Fedora 5→6 Migration w/ Islandora

2022-04-06

Back in January we discovered that, although our original files stored in Fedora were being served through our Islandora site, metadata updates were failing. (See the thread on the Fedora Slack #tech channel.) After a bit of debugging we determined that the best solution would be to upgrade our Fedora 5 instance to Fedora 6.

A Fedora 5 migration to Fedora 6 is theoretically simple, but because it involves a complete reworking of the persistant storage, it can be resource intensive for larger repositories. We had more than 12 terabytes of files to migrate. The migration consists of three stages:

  1. export the Fedora 5 repository,
  2. transform the export into the Oxford Common File Layout (OCFL),
  3. install the Fedora 6 code and configure it to use the transformed repository content.

Exporting Fedora 5

Naturally, we tested this process on our development instance to make sure we got it right first. However, this development server is significanly under-powered compared to production and uses a relatively slow network drive for larger storage. This significantly slowed testing: the test export on the development server was aborted early after running for two weeks compared to the seventeen hours for the production site export. Fortunately, this was the only complication with the export.

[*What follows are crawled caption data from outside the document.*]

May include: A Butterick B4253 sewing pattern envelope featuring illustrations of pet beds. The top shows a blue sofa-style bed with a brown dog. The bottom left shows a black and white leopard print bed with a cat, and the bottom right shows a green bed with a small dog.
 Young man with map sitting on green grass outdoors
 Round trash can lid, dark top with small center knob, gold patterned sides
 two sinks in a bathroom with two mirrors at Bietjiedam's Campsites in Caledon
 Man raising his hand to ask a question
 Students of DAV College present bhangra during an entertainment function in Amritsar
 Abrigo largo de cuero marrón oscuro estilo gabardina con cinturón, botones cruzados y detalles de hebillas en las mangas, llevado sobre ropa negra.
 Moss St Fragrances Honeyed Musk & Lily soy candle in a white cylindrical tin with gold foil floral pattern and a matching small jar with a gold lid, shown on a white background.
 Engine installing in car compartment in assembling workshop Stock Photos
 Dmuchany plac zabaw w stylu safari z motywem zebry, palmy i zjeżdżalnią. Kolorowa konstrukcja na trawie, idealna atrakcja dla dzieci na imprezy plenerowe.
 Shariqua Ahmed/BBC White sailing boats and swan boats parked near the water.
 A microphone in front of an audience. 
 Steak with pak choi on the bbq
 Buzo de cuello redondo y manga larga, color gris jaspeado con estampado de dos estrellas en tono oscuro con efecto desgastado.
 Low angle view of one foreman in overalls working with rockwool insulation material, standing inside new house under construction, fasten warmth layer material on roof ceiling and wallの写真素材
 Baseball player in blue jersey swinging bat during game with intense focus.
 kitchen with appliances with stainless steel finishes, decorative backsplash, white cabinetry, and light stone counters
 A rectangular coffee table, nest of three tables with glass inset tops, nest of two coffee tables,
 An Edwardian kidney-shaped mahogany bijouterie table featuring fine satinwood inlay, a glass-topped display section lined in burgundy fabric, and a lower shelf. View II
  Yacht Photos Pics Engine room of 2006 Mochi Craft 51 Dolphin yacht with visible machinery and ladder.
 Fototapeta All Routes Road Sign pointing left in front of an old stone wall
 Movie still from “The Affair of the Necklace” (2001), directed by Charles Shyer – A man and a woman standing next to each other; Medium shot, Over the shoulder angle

The fcrepo-import-export tool was straight-forward to use.

Migrating the Export to OCFL

The export migration to OCFL was a bit trickier to get right. Fortunately I had learned from the eariler mistake and ran our test migration on a machine with much more gusto. Even then, these tests took time. Yes, tests is plural. The first run with the migration tool, fcrepo-upgrade-utils, worked without any reported errors. I then used the one-click jar deployment of fedora 6 on the test set to inspect it before testing the MySQL and Tomcat deployment. I quickly noticed that the resource records were being split between localhost-based URIs and URIs with the development server host name:

$ curl http://dams.library.unlv.edu:8080/fcrepo/rest/00/0f/b3/c8/000fb3c8-32a4-47cd-88bf-2db4f3b23785
@prefix schema: <http://schema.org/> .
@prefix dcterms: <http://purl.org/dc/terms/> .
@prefix rdf: <http://www.w3.org/1999/02/22-rdf-syntax-ns#> .
@prefix ldp: <http://www.w3.org/ns/ldp#> .

<http://localhost:8080/fcrepo/rest/00/0f/b3/c8/000fb3c8-32a4-47cd-88bf-2db4f3b23785>
        schema:sameAs        <http://n2t.net/ark:/62930/d1pk09q7f> ;
        dcterms:identifier   <http://n2t.net/ark:/62930/d1pk09q7f> ;
        dcterms:title        "jhp000420-034-004"@en ;
        schema:dateCreated   "2021-10-26T04:44:31+00:00"^^<http://www.w3.org/2001/XMLSchema#dateTime> ;
        dcterms:publisher    <http://dams.library.unlv.edu/taxonomy/term/1990> ;
        dcterms:identifier   "jhp000420-034-004" ;
        rdf:type             <http://pcdm.org/models#Object> ;
        schema:dateModified  "2022-03-11T16:36:51+00:00"^^<http://www.w3.org/2001/XMLSchema#dateTime> ;
        <http://pcdm.org/models#memberOf>  <http://dams.library.unlv.edu/node/446297> .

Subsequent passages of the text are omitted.